Cominciamo col dire che non siamo un paese che può essere preso ad esempio sull’e-commerce. È vero, il digitale cresce, soprattutto nel fashion ma meno rispetto agli paesi. L’italiano più maturo fatica ancora ad usare questo strumento; non solo, ci sono anche problemi di tipo strutturale, intendo proprio in merito alla tecnologia che viene applicata agli e-commerce, banda larga e via dicendo. In poche parole l’Italia non è innovatrice dal punto di vista della cultura digitale. Va però detto che il nostro paese è caratterizzato dalla presenza di piccole e medie imprese per quasi la totalità e molto spesso la mentalità del fondatore è di tipo tradizionale. Senza considerare il divario Nord-Sud. In definitiva è possibile affermare che il processo di digitalizzazione è iniziato ed è irreversibile. Ma rimane molto lento.
In merito alla formazione del capitale umano può dirci qualcosa? Nello specifico tale formazione è in linea con le esigenze delle aziende orientate verso il digital?
La formazione dei giovani che arrivano in azienda è in linea con le aspettative, anzi, ragazzi bravi a programmare vengono subito assunti anche prima della fine del ciclo di studi; anche per quanto riguarda il business analyst c’è molta richiesta. L’università da questo punto vista sta facendo un buon lavoro.

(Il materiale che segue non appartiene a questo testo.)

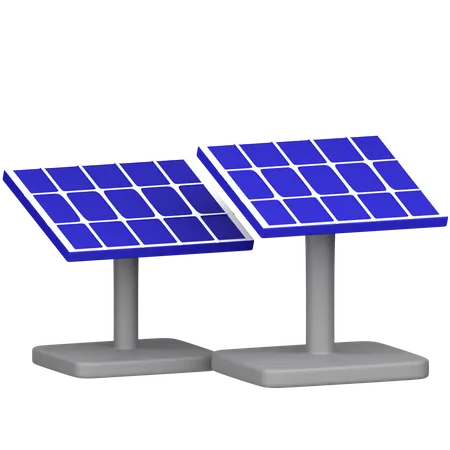 Panel solar  3D Icon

Il problema è che le aziende, ritornando al discorso di prima, risultano essere lente nell’evolversi. Non solo, c’è poca flessibilità proprio nel lavoro. Ad esempio, pensiamo a un dipendente che è stato in azienda per tanti anni e non vuole più crescere dal punto di vista professionale per il semplice fatto che ormai è soddisfatto, se questo dipendente volesse retrocedere (riducendo anche lo stipendio) per esempio andando in magazzino, ma anche se volesse fare formazione ad altri dipendenti, potrebbe lasciare il posto a un giovane. Ma da noi questa cosa è impensabile.
Un’ultima domanda. Che consigli darebbe ai giovani che si affacciano al mondo del lavoro, che competenze secondo lei sono necessarie per essere all’altezza delle nuove sfide?

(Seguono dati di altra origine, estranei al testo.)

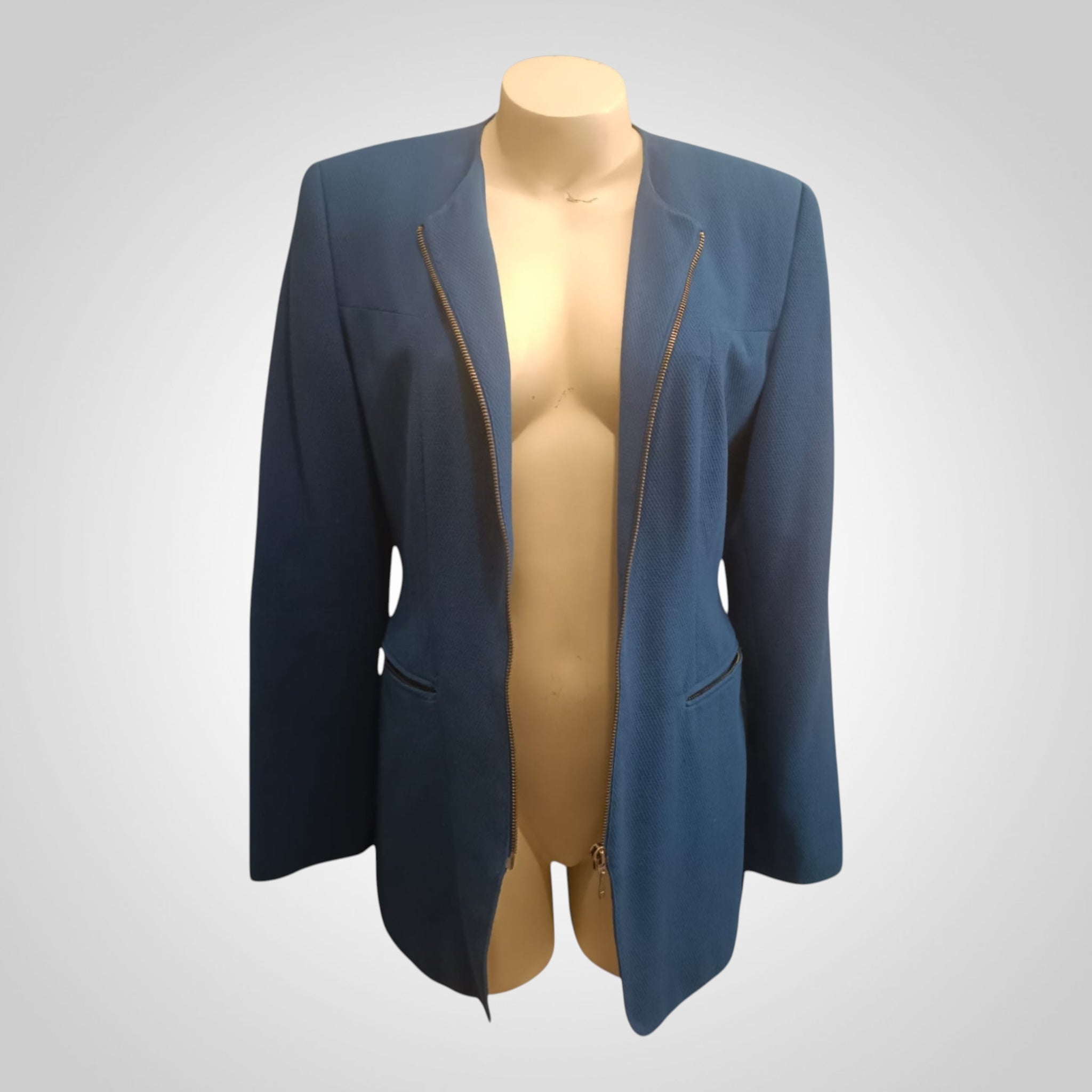 Blazer femme Magic Simplicity élégant coupe structurée taille 42 polyester viscose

Credo che i requisiti più importanti siano flessibilità, curiosità, determinazione ma in particolare l’umiltà. I ragazzi che arrivano in azienda non devono avere paura di dimenticare i vecchi modelli. Partire dal basso in particolare, secondo me è fondamentale per capire i processi e le logiche aziendali. E soprattutto l’inglese, due lingue sarebbe l’ideale, ma l’inglese è ormai una competenza che deve intendersi assodata.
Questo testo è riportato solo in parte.